Other sources have Livent's heads Roy Furman and Michael Ovitz looking for a buyer for the company. A sale seems unlikely, however, in light of Livent's reputation on Wall Street. On Nov. 17, according to Variety, the credit agency Standard and Poor downgraded the rating of the company from triple C. The agency said the move "reflects concerns that Livent's capacity to service its outstanding obligations has been further eroded." It also advised that "A bankruptcy filing may become an appropriate option for the company."

Livent was to have released its restated earnings for the past few years by Nov. 13 but has delayed the release until the end of November. The company stated it needed extra time to process all the necessary information. However, a bankruptcy filing may prevent those figures from ever reaching the light of day, according to the National Post.

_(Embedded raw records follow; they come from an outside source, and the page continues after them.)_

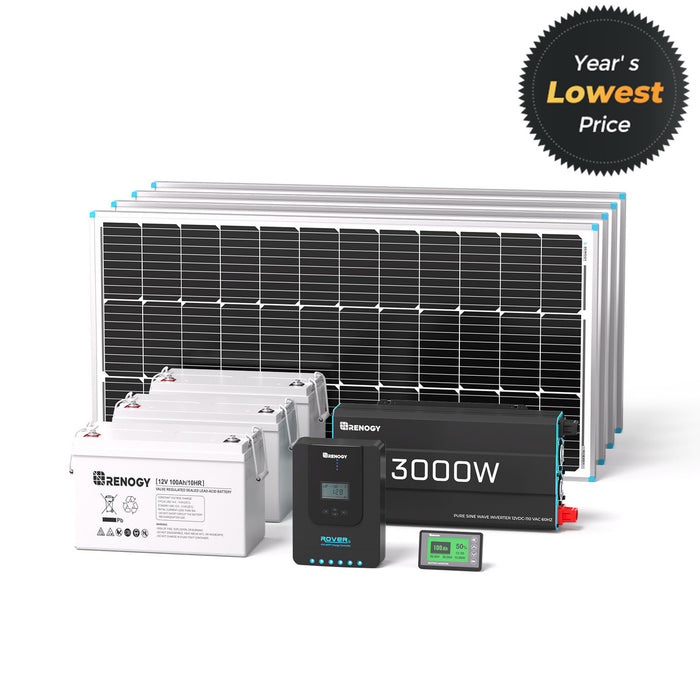 Renogy 400W Complete Kit for Workshop/Shed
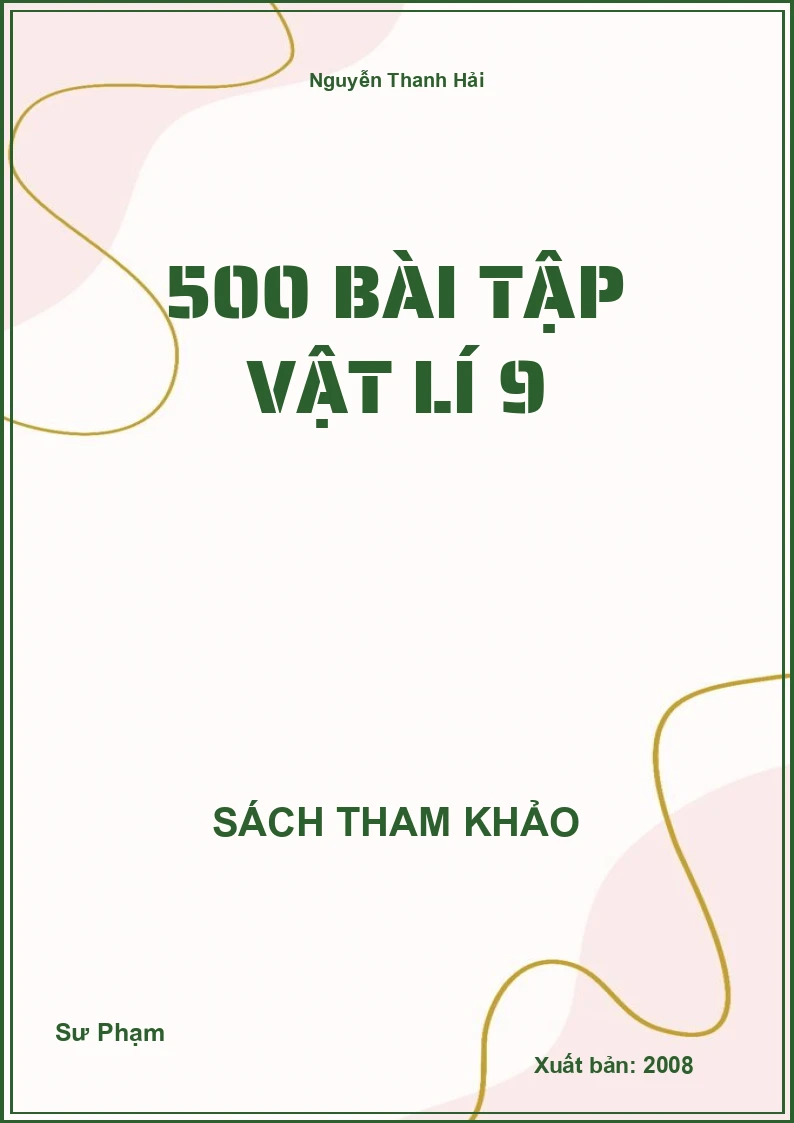 500 bài tập Vật lí 9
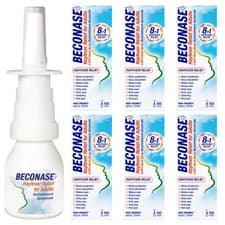 Image of 6 x Beconase Hayfever Relief for Adults 0.05% Nasal Sprays, 100 Sprays Each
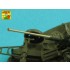 1/72 Soviet 37mm 61-K Anti Aircraft Gun Barrel for Zvezda kits
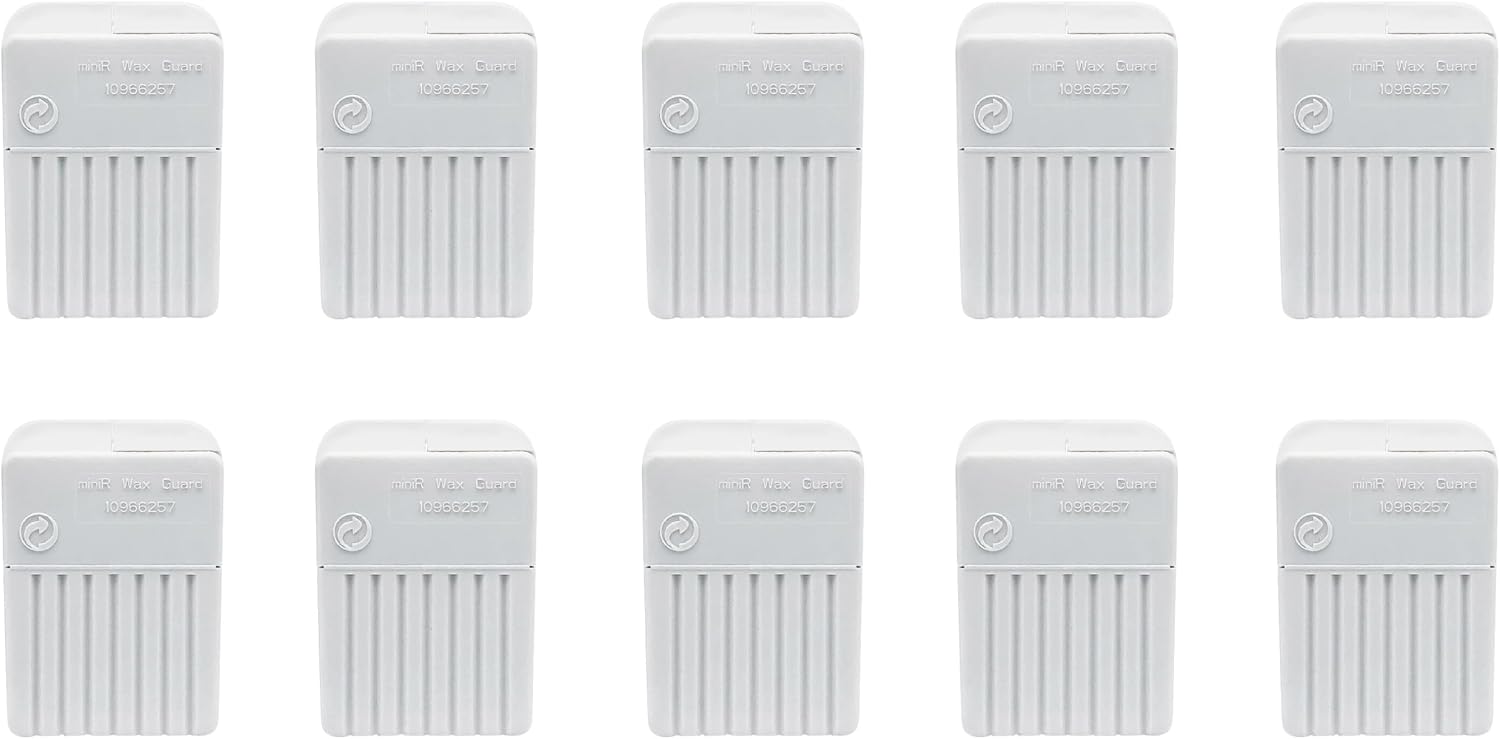 for Siemens/Signia 2.0 Mini Receiver Wax Guards Filters Hearing Aid Accessories Cerumen Stop Cleaning Tool Replacements 10966257 10-Pack/80 Filters (Sony C10 & E10 Compatible)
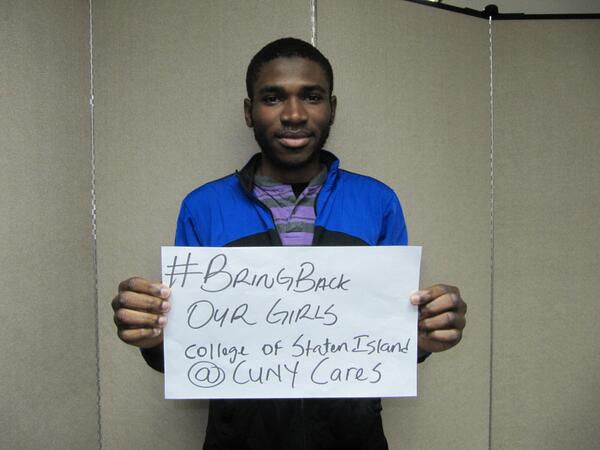 PhyllisProctor's tweet photo. @cunycares #BringBackOurGirls http://t.co/BHqHS4u9fA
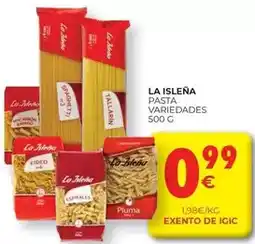 CashDiplo La isleña - pasta oferta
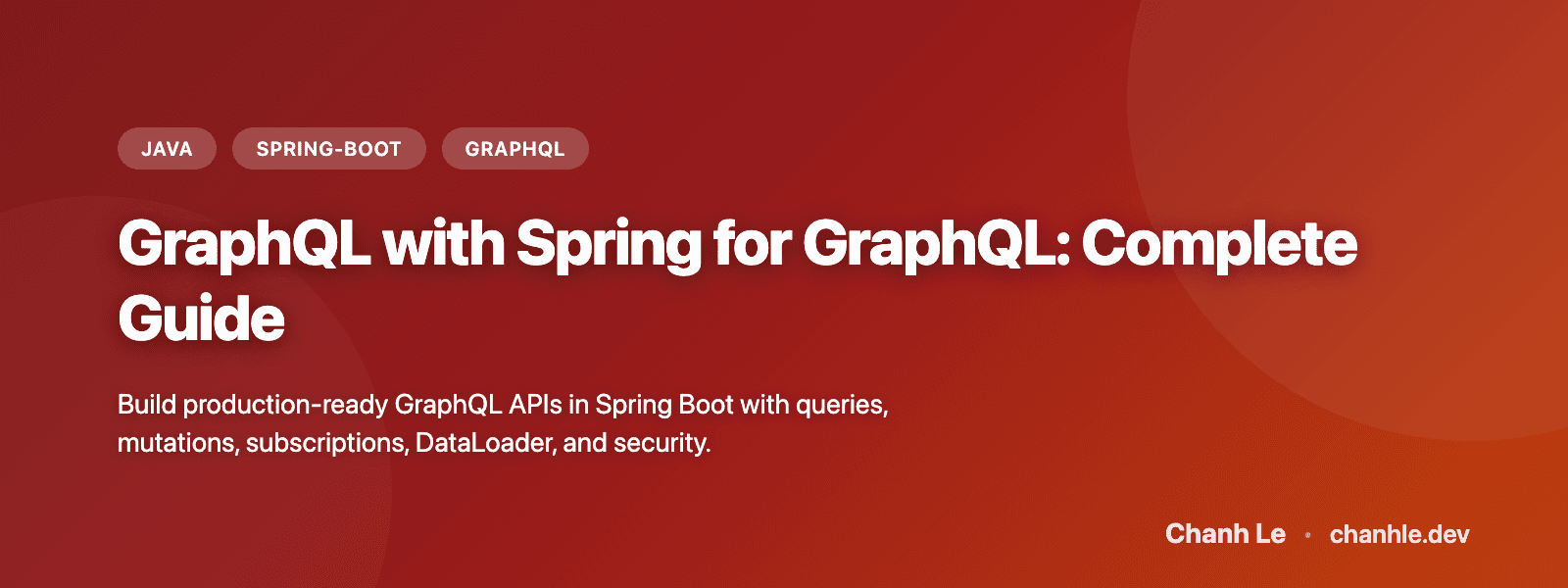 GraphQL with Spring for GraphQL: Complete Guide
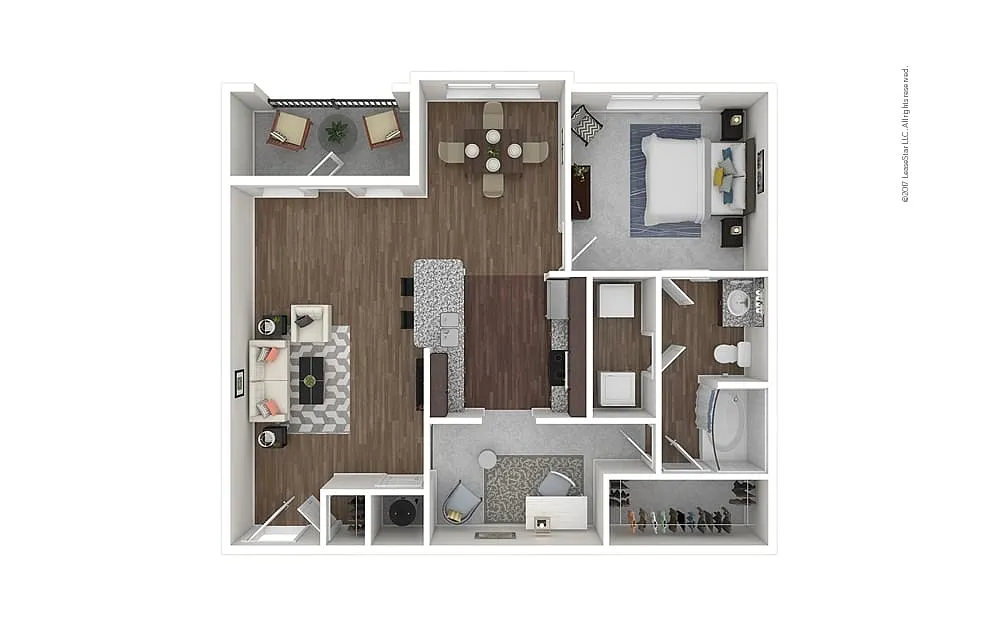 Floor plan The Hidden Hills - Workforce Housing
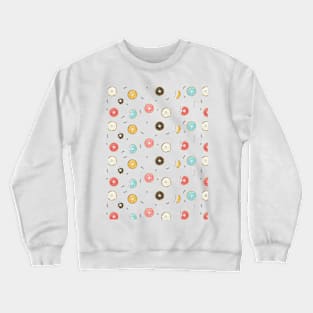 Tasty Donuts Pattern Crewneck Sweatshirt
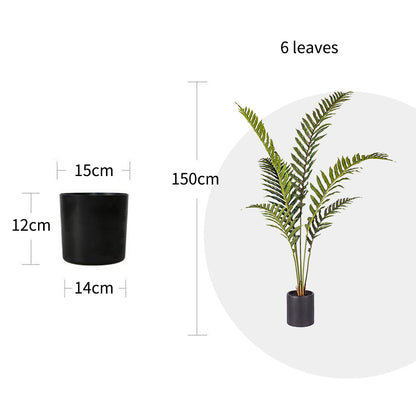 Artificial Hare's Foot Fern Tree 150cm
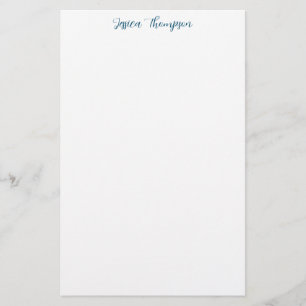 Modern Elegant Plain Simple Professional Stationery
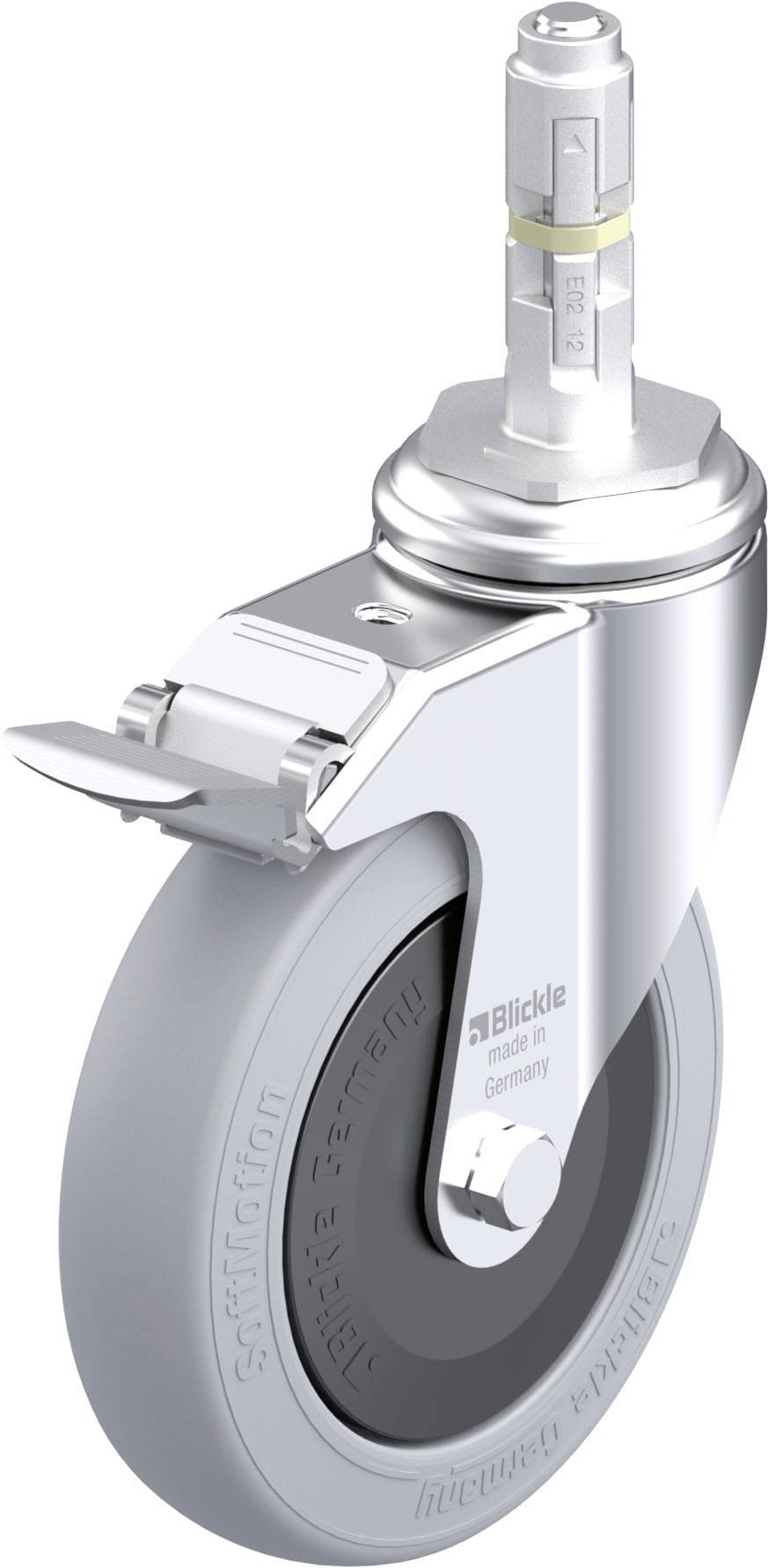 Blickle 928040 LKRA-POES 127KF-11-FI-SG-E12 otočné kolečko Ø kola: 125 mm nosnost (max.): 120 kg 1 ks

Livent's troubles began in August, when it was revealed that accounting irregularities has occurred during the reign of now-ousted Livent founder Garth Drabinsky. Since then, the accounting firm of KPMG/Peat Marwick began pouring over Livent's books.

Meanwhile, the New York Post reported that Drabinsky is seeking a $6 million severance package from Livent. Livent spokesperson Jim Badenhausen would not comment on that matter.

On Oct. 22, an Ontario court struck down one of Drabinsky's legal challenges to KPMG's investigation of the theatre production company's books. On Sept. 16, Drabinsky filed a law suit attacking KPMG, then in the midst of inspecting Livent's books for financial irregularities practiced under Drabinsky's tenure. The impresario also requested that an injunction be placed on KPMG's findings. Livent received KPMG's final report on Oct. 22 after the court approved its delivery.

"This report is what the company has been seeking all along," said Livent officials in a statement, "an objective account of the facts." Drabinsky's suit against KPMG is still pending.

Drabinsky claimed KPMG holds a conflict of interest in the matter, because the firm has been the impresario's personal accountant for 20 years and was also Livent's new management team enlisted to inspect the company's books earlier this year.

Drabinsky, along with Livent co-founder Myron Gottlieb, was suspended on Aug. 10 by the company he helped create. Livent, which was taken over last spring by a new management group headed by Roy Furman and Mike Ovitz, cited accounting regularities totaling in the millions. Furman subsequently named Roundabout artistic director Todd Haimes to take Drabinsky's place.

Livent recently withdraw its claim on 42nd Street's Times Square Theatre. On Aug. 5, Livent signed an option of the playhouse -- the last theatre on the block between Seventh and Eighth avenues to be claimed. The company has since rethought the move. "We determined that our proposal did not deliver sufficient returns for the company," said Furman at the time.